Si la mémoire est l’outil politique du temps présent, les légitimations basées sur le passé sont à géométrie éminemment variable tant les oublis sont nombreux, tout en ne devant rien au hasard. Emblématique est à cet égard la question des frontières de la Bretagne et plus particulièrement encore du « détachement » de Nantes et de la Loire alors inférieure. Dans la mesure où cette décision est imputée, c’est selon, à Vichy et/ou aux nazis, militer pour une Bretagne à cinq départements revient bien dans l’esprit de beaucoup à lutter contre le fascisme... On s’invente certes les combats que l’on peut, mais il n’en est pas moins intéressant de revenir aux sources pour faire, non plus de la politique, mais de l’histoire.
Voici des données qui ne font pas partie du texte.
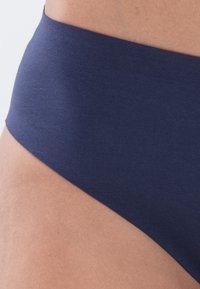 Navy modrá bikiny spodní část vyrobená z bavlněné směsi, s hladkým povrchem, širokým páskem a minimalistickým designem bez viditelného kovového zapínání nebo vzorů.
Carte postale. Collection particulière.

On se permettra toutefois de remarquer que la légitimation par le passé n’est pas systématique. Lorsqu’une délimitation administrative déborde largement les frontières de ce que devrait être en théorie la Bretagne, les protestations se font assez rares. Ainsi, nous n’avons pas connaissance de la moindre référence au traité de Compiègne signé en 867, acte par lequel Charles le Chauve concède au roi breton Salomon l’actuel département de la Manche, pour justifier les limites de la 10e région militaire. Que le 10e corps dit breton qui s’élance en 1914 sur la frontière franco-belge pour arrêter – avec le succès que l’on sait – les Allemands comprenne des unités tenant garnison à Cherbourg, Saint-Lô et Granville, autant de villes assurément normandes, ne semble froisser personne… Semblable réflexion pourrait d’ailleurs être conduite à propos de la 11e région militaire, qui englobe, elle, la Vendée.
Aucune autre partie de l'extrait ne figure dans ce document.